++++ Data for this exercise
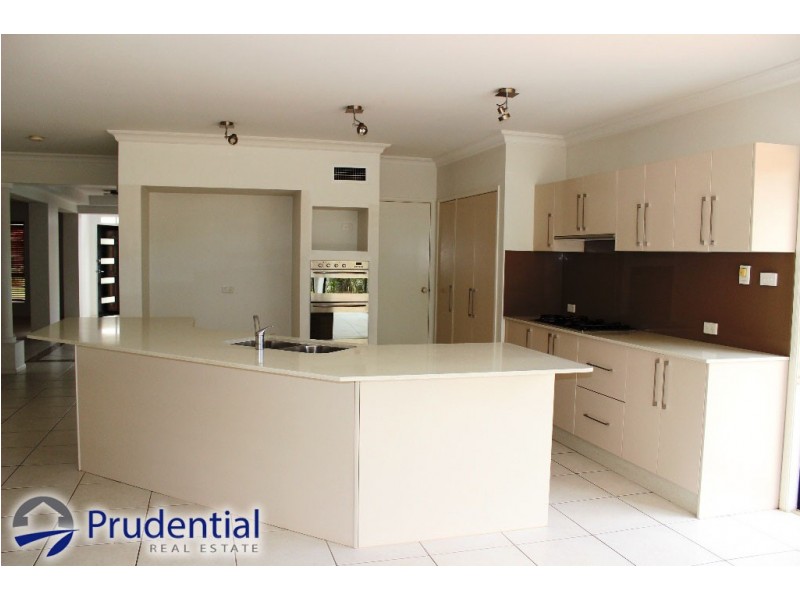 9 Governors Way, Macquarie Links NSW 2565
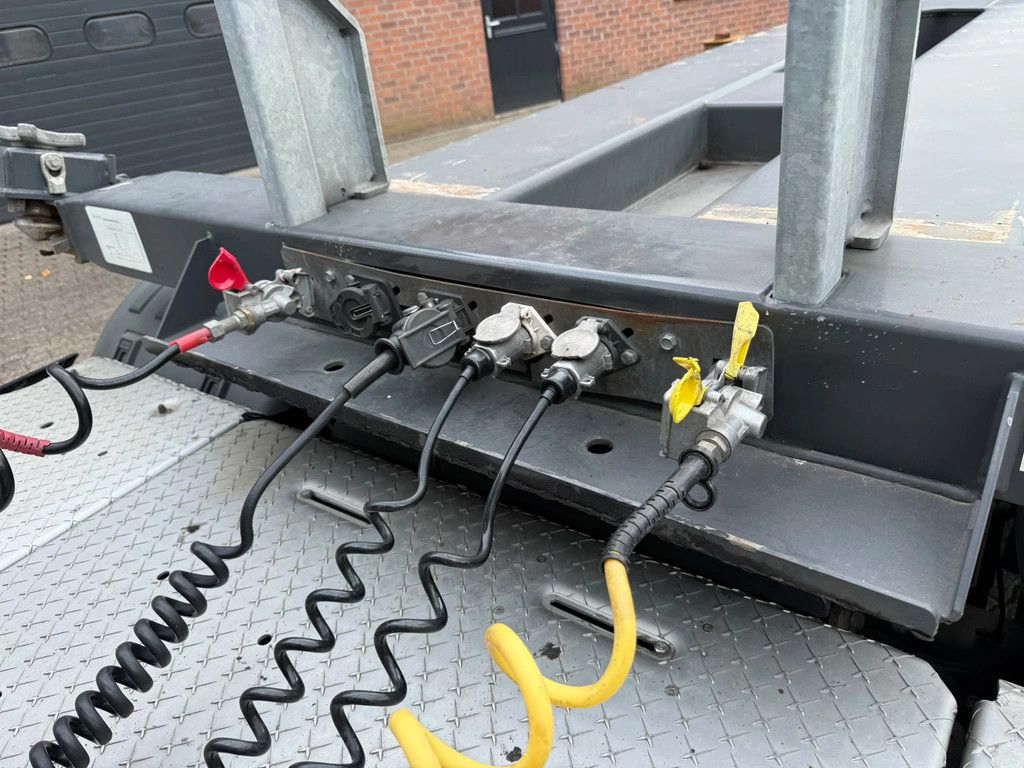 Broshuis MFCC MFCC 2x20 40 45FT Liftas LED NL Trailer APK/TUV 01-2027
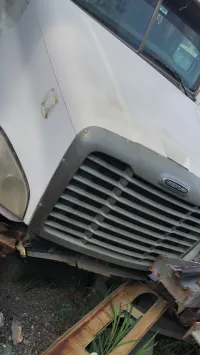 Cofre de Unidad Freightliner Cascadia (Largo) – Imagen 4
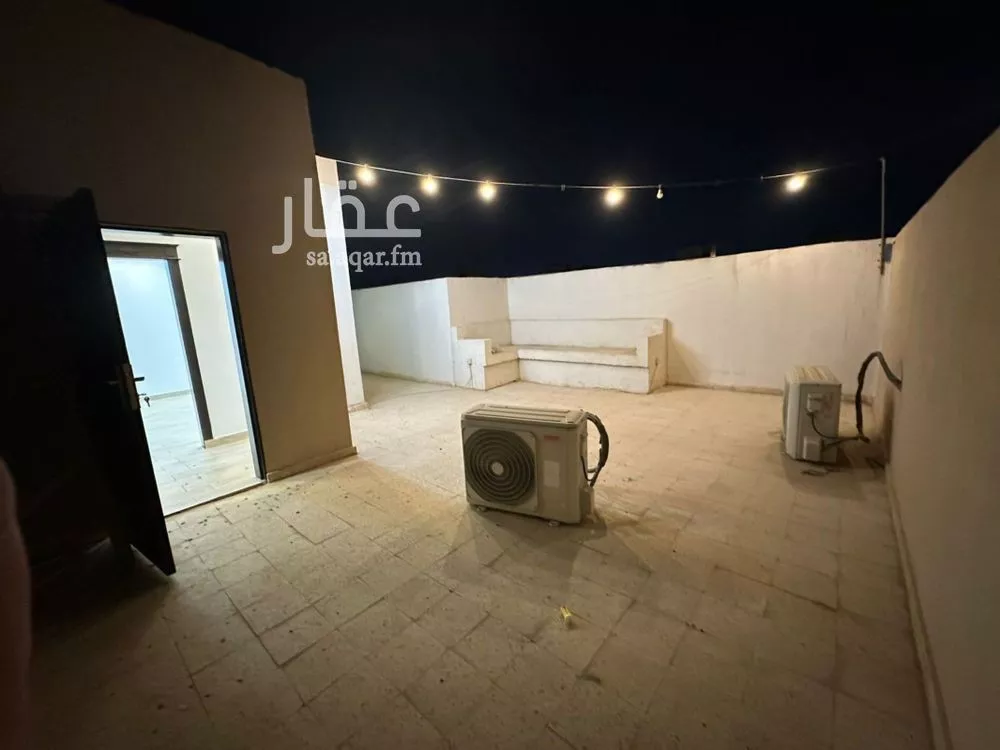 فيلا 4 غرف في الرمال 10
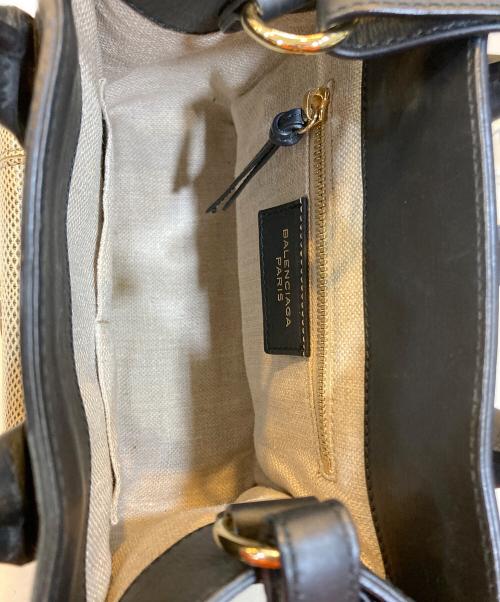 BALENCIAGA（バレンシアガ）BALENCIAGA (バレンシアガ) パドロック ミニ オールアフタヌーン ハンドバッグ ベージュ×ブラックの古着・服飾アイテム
++++++++
*Required action*.
Copy exactly, leaving out pictures, the lines from the line containing "Cofre de Unidad" through the last line of the records.

*Answer space*.
 Cofre de Unidad Freightliner Cascadia (Largo) – Imagen 4
 فيلا 4 غرف في الرمال 10
 BALENCIAGA（バレンシアガ）BALENCIAGA (バレンシアガ) パドロック ミニ オールアフタヌーン ハンドバッグ ベージュ×ブラックの古着・服飾アイテム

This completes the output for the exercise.